You’d rightfully assume from that sort of origin story that these comics are incredibly horny. And yes, while Emanuel stops short of showing full dong or penetration, E-Lectric’s heroes and villains are constantly sexing each other up. At one point, while Westone is flying some sort of jet-sled to confront the evil Dr. Master in “Empire Daddy City,” U-Shadow gives him a reacharound and makes him ejaculate in his pants. I can appreciate the desire to relieve some stress before a battle, but one would think having dried jizz on the inside of your super-leotard would get uncomfortable.
Gill is also a master of creative profanity. There’s a certain school of thought that the more cursing you put in a piece of content, the more mature it is. So Westone, his cohorts, and his foes all swear like sailors on nearly every page. The old favorites are mixed and combined, like the evil Jason Jones above referring to his estranged wife as a “shitbitch.”

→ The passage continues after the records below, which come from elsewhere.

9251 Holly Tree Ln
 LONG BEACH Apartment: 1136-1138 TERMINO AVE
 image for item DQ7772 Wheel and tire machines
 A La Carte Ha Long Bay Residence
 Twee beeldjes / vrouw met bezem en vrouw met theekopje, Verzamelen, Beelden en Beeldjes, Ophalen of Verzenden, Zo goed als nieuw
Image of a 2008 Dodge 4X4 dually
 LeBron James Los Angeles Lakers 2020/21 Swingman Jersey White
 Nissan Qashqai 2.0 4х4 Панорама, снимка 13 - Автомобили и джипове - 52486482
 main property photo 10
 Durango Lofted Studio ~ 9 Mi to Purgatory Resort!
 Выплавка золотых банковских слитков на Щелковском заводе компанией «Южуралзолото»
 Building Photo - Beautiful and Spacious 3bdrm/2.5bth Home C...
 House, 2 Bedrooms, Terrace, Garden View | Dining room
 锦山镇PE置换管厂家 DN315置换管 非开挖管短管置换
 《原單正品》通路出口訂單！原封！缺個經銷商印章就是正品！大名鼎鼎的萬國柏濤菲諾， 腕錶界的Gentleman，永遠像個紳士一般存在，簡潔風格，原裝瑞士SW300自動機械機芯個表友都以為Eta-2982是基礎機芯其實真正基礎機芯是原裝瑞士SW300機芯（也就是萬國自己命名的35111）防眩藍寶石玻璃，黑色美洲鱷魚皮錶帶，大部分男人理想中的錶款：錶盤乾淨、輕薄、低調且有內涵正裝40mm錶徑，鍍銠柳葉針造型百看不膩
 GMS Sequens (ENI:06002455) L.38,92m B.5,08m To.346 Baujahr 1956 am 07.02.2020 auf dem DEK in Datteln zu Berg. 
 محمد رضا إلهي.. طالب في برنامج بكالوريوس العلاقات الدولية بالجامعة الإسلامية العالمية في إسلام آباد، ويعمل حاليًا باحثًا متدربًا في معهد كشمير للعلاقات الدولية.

Throughout the run of Westone Page, we’re teased with our hero confronting his father. But the big climatic battle never seems to happen. Instead, the book detours into courtroom drama, with the judge, the prosecuting attorney and pretty much everybody observing turning out to be a superhero or villain. That’s interrupted by an attack from a new bad guy, the nefarious Dr. Master, who deploys bizarre monsters called “Foodas,” which have one head connected to two humanlike bodies with several suspiciously fuckable holes. Jason Jones escapes, never to be seen again.
Additional titles followed. “The E.P.A. Brothers” followed a trio of siblings from New York as they kept their neighborhood safe. “Fighting Ones” was the obligatory team-up book, which paired Westone with a panoply of other “Power Humans” (and the dog Sniffer, the “Power Mammal”). “Ivory,” leader of the group Teamwork For Power Humans, also got one issue of a solo book that I’ve never seen a copy of. And in every issue, we meet at least a half dozen new characters like “Airbrush,” a villain who paints realistic doors on walls to make people run into them, or “Arthritis,” who has a wrist blaster that can make bones jiggly.
What’s fascinating about these books is how they’re obviously commercially motivated – in each issue, at least 1/3 of the page count is taken up with ads for E-Lectric Comics’ other offerings, often repeating the exact same ad multiple times in a single comic. Gill’s art style isn’t really congruent with the hot Marvel and DC artists of the era. Instead, his work hearkens back to Golden Age greats like C.C. Beck – figures are rounded and soft, compositions are static and fight scenes are simple and uninventive. They really seem like they were beamed into Jim Hanley’s Universe from a parallel dimension.
It’s hard to run down the genius of Emmanuel P. Gill. These comics are full of deeply hilarious moments, like when the Fighting Ones prevent a nuclear bomb from exploding by covering it with a large sheet of tinfoil. But everything is played with incredible seriousness. The common thread through almost every character is fathers – in addition to Crest’s abusive dad, nearly every other male parent presented in every one of his comics is a violent, abusive sociopath.
And, just as suddenly as E-Lectric Comics had appeared, they vanished. Gill stopped bringing his books into Jim Hanley’s Universe, and I’ve never met another comics shop owner in New York or anywhere else who ever saw or sold them. It looks like he set up an Etsy page a while back, but only the first two issues of Westone Page and some original artwork are available.
According to his Facebook page, he was also employed at New York’s storied Metropolitan Museum of Art in 2019, and even hung a drawing in the staff art show. But even more astonishing, he lists on his LinkedIn that he’s an art teacher at CUNY’s Lehman College in the Bronx, meaning the mind behind Westone Page is shaping young artists in his own image to create a new generation of pants-squirting, pantyhose-ripping Power Humans.